Tunisie. Le grand retour politico-médiatique de Béji Caïd Essebsi

 Tunisie. Le grand retour politico-médiatique de Béji Caïd Essebsi

Lors de l’interview sur Nessma

L’increvable et très populaire ex Premier ministre provisoire Béji Caïd Essebsi a choisi Nessma TV pour signer son retour sur la scène médiatique. Quelques jours à peine après avoir effectué la passation des pouvoirs à la Kasbah, il répond ainsi à une forte attente de ses partisans de le voir à nouveau parmi les figures qui comptent dans le paysage politique tunisien.

 

C’est en somme un échange de bons procédés auquel se sont livrés la chaîne Nessma TV et Béji Caïd Essebsi. C’est en effet Nessma qui, la première, avait orchestré la promotion de l’octogénaire en tant qu’incontournable homme de sagesse, lors de la chaotique période post révolutionnaire de février 2010, en lui consacrant une première série d’entretiens dans son domicile tunisois.

L’homme s’était alors imposé par sa pertinence et sa justesse de ton comme une alternative coulant de source au relativement controversé et démissionnaire Mohamed Ghannouchi.

Aujourd’hui, la chaîne diffuse depuis lundi 2 janvier une série d’entretiens avec Essebsi, à l’initiative de Jamel Afaoui et son équipe qui, depuis le 26 décembre dernier, font une incursion type reality TV dans le quotidien aux airs de fin de règne de l’ex chef du gouvernement.

En acceptant d’accorder à la chaîne la primeur de cette interview évènement en guise de couronnement à la série, Essebsi procédait donc à un retour à l’envoyeur qui l’avait mis en orbite jadis. Lui qui aura eu des rapports souvent tendus avec les médias durant son difficile mandat, il faisait hier mardi le bilan télévisuel de son œuvre à la tête d’un Etat trouvé « en ruines » au moment de son accession au pouvoir.

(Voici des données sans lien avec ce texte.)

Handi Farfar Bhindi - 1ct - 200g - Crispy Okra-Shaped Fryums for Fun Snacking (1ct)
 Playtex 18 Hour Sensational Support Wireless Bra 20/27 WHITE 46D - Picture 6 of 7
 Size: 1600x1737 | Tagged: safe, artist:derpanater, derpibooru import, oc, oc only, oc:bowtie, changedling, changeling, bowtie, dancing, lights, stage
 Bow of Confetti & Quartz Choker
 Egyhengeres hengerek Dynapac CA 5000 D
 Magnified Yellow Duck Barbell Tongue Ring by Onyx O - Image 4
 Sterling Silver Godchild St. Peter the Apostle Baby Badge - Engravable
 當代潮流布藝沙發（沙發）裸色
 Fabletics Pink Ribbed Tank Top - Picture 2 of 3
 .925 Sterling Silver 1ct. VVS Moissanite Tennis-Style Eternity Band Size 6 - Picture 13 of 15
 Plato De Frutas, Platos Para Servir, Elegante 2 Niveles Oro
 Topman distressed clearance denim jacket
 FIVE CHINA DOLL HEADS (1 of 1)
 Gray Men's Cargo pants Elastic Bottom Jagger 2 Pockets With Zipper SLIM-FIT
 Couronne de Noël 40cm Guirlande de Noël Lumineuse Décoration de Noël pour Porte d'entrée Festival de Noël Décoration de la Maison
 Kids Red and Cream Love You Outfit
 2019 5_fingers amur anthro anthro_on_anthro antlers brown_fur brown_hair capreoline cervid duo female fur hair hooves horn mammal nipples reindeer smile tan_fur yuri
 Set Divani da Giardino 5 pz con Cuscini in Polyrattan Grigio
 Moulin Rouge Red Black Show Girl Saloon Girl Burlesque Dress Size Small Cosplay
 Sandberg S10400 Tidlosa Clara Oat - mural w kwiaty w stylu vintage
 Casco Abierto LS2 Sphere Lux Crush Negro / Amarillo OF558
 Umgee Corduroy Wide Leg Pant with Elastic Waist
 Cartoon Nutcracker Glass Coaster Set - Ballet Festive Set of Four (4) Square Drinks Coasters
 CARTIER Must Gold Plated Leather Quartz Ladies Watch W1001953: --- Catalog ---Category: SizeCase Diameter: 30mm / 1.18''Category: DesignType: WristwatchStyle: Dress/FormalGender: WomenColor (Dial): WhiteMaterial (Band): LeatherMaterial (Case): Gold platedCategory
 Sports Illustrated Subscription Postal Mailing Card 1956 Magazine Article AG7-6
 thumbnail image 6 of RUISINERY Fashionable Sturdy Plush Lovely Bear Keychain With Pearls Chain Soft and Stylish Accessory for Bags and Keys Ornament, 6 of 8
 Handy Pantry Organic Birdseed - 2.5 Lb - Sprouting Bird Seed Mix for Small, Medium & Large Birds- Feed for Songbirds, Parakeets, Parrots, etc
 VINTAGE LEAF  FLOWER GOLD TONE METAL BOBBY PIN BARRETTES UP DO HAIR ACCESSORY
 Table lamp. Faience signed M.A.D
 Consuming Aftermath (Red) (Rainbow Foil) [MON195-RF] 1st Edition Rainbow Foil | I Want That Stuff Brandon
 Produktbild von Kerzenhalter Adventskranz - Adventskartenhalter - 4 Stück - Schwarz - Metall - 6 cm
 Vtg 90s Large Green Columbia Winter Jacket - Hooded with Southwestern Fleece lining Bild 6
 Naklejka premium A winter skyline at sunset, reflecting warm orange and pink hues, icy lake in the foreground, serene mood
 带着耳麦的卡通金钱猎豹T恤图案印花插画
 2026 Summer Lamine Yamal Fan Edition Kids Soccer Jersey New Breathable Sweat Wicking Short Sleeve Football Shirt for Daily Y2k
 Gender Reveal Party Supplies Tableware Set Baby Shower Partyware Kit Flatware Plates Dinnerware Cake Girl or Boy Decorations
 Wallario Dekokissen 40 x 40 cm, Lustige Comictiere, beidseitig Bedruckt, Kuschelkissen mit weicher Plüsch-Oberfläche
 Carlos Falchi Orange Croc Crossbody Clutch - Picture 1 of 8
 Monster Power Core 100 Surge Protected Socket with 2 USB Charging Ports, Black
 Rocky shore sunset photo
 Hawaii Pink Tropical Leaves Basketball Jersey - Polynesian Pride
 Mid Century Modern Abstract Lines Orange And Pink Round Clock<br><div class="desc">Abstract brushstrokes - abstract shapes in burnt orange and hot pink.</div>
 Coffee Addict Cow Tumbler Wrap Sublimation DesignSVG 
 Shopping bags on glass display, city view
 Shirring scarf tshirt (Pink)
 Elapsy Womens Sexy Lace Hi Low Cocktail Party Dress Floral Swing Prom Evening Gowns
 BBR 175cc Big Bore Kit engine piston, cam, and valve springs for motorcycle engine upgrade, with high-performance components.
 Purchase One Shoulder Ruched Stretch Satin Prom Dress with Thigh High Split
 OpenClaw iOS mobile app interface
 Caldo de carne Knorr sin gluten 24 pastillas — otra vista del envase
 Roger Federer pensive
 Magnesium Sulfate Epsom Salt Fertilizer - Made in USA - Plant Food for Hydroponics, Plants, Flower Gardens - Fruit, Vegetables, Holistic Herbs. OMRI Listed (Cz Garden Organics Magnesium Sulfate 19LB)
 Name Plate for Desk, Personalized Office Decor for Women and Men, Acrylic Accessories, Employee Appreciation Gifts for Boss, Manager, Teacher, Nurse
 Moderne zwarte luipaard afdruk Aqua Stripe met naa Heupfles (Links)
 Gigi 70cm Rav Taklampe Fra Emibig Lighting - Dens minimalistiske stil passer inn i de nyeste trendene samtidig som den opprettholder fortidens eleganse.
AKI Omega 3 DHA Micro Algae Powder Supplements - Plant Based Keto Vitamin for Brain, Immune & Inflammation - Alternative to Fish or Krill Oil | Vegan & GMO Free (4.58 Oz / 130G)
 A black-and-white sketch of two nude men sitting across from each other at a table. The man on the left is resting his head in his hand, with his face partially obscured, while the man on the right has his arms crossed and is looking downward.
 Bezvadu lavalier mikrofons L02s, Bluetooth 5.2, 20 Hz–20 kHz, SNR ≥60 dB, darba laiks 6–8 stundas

Une liberté de ton retrouvée

Très vite, quelques minutes après l’entame du talk-show, on comprend que l’homme entend toujours avoir son mot à dire sur la vie politique, avec toujours autant de charisme, mais cette fois avec la jubilation visible d’une liberté de ton retrouvée.

Oublié le devoir de réserve. Ainsi, parmi les moments forts, on retiendra sa prise de position nette et tranchée catégoriquement opposée à une prolongation du mandat des élus de la Constituante au-delà d’un an, à compter de la date de leur élection.

Il rappelle à ce titre que non seulement les partis politiques ont pris un engagement moral devant le peuple de ne pas dépasser cette durée, mais surtout que la nouvelle loi électorale stipule que « les électeurs sont appelés à élire des membres d’une Assemblée qui travaillera pour une durée d’un an à la rédaction d’une Constitution ».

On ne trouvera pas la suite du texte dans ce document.